Short descriptive text snippets

────

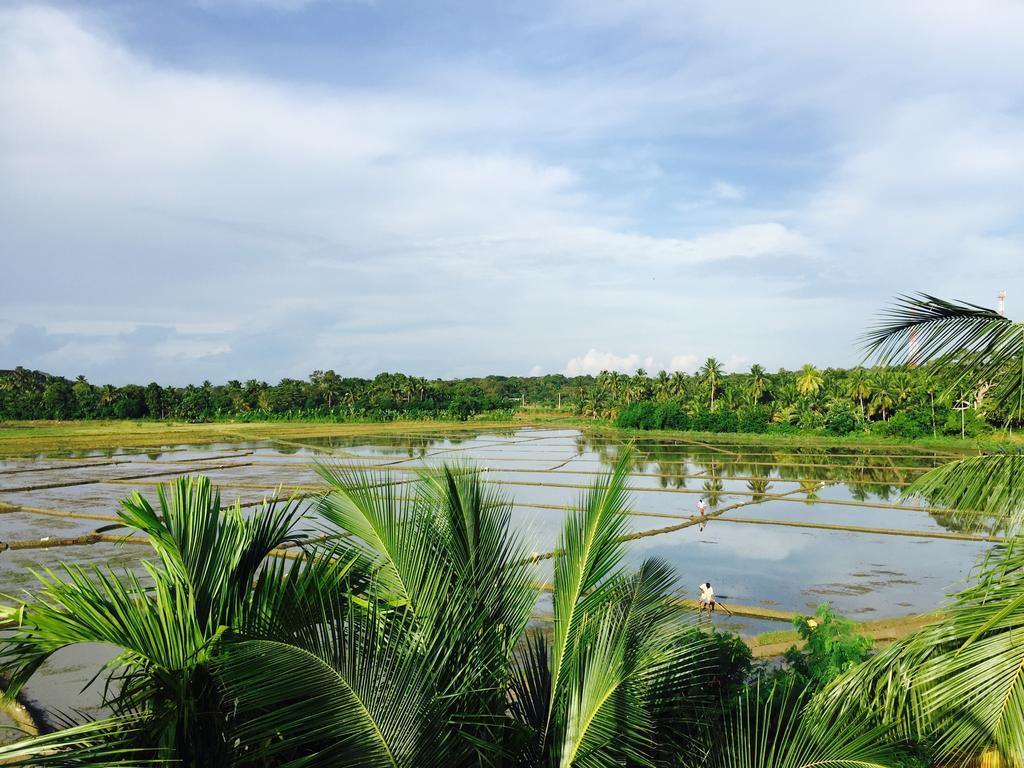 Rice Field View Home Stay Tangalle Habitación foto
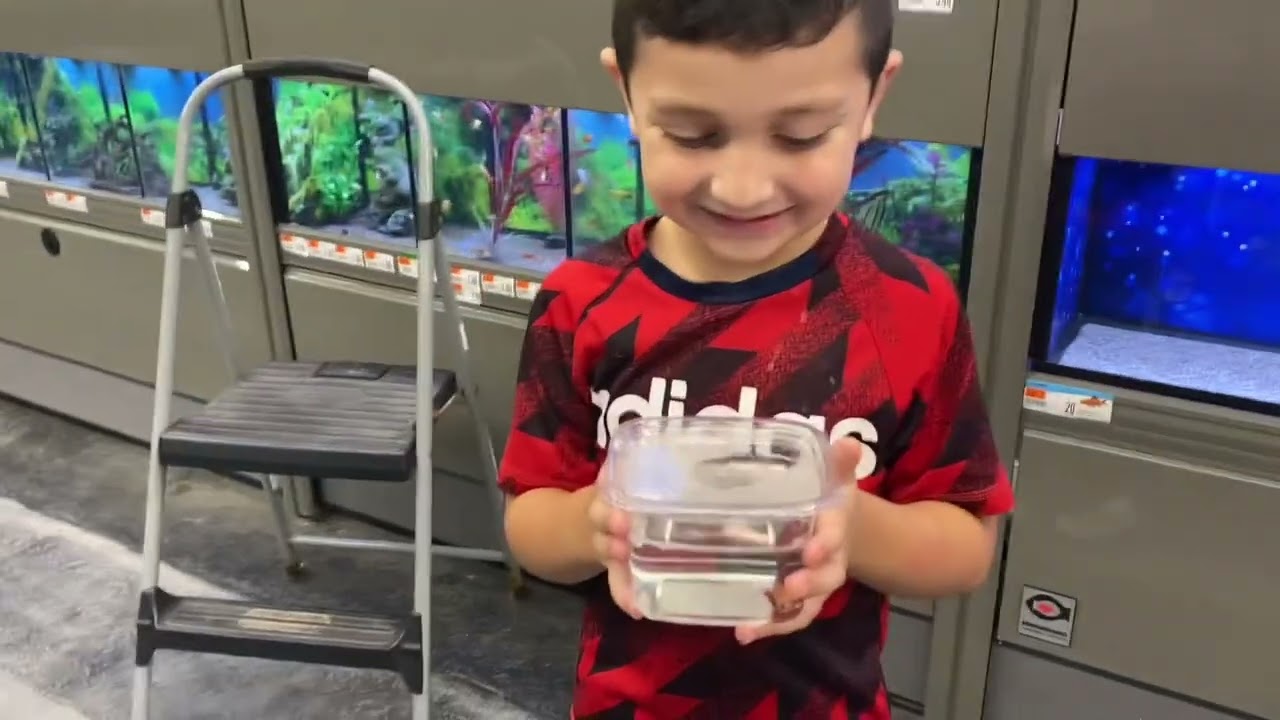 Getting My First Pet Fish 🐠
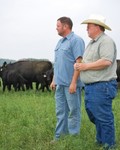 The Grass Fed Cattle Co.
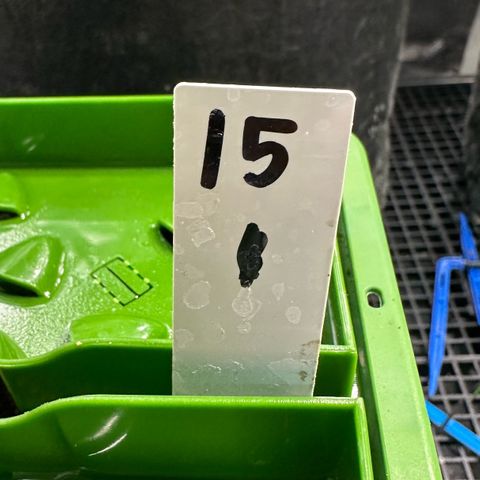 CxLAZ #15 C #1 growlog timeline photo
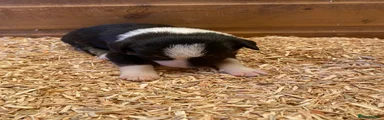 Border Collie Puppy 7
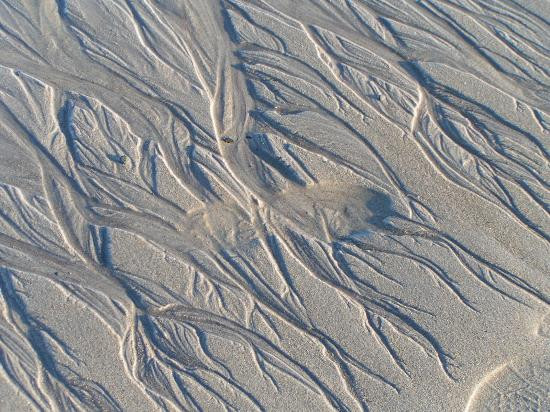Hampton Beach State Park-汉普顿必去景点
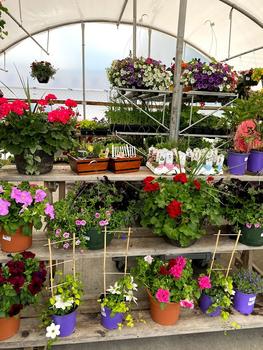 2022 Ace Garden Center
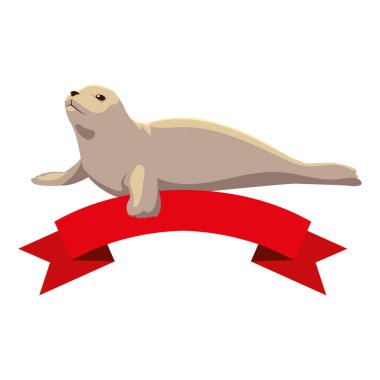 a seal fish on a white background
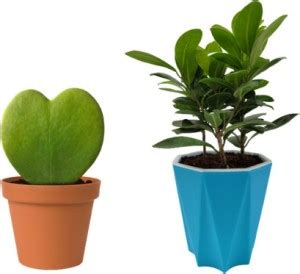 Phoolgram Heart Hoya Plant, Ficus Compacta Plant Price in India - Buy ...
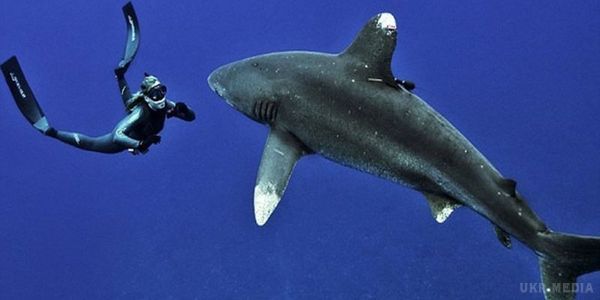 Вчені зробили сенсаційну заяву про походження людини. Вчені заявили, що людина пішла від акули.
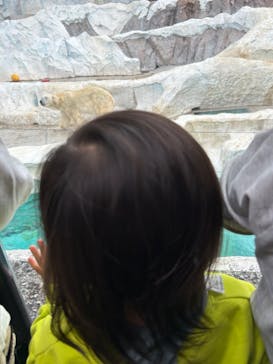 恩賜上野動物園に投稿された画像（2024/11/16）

────

Give back each line above verbatim, dropping every picture.

 Rice Field View Home Stay Tangalle Habitación foto
 Getting My First Pet Fish 🐠
 The Grass Fed Cattle Co.
 CxLAZ #15 C #1 growlog timeline photo
 Border Collie Puppy 7
Hampton Beach State Park-汉普顿必去景点
 2022 Ace Garden Center
 a seal fish on a white background
 Phoolgram Heart Hoya Plant, Ficus Compacta Plant Price in India - Buy ...
 Вчені зробили сенсаційну заяву про походження людини. Вчені заявили, що людина пішла від акули.
 恩賜上野動物園に投稿された画像（2024/11/16）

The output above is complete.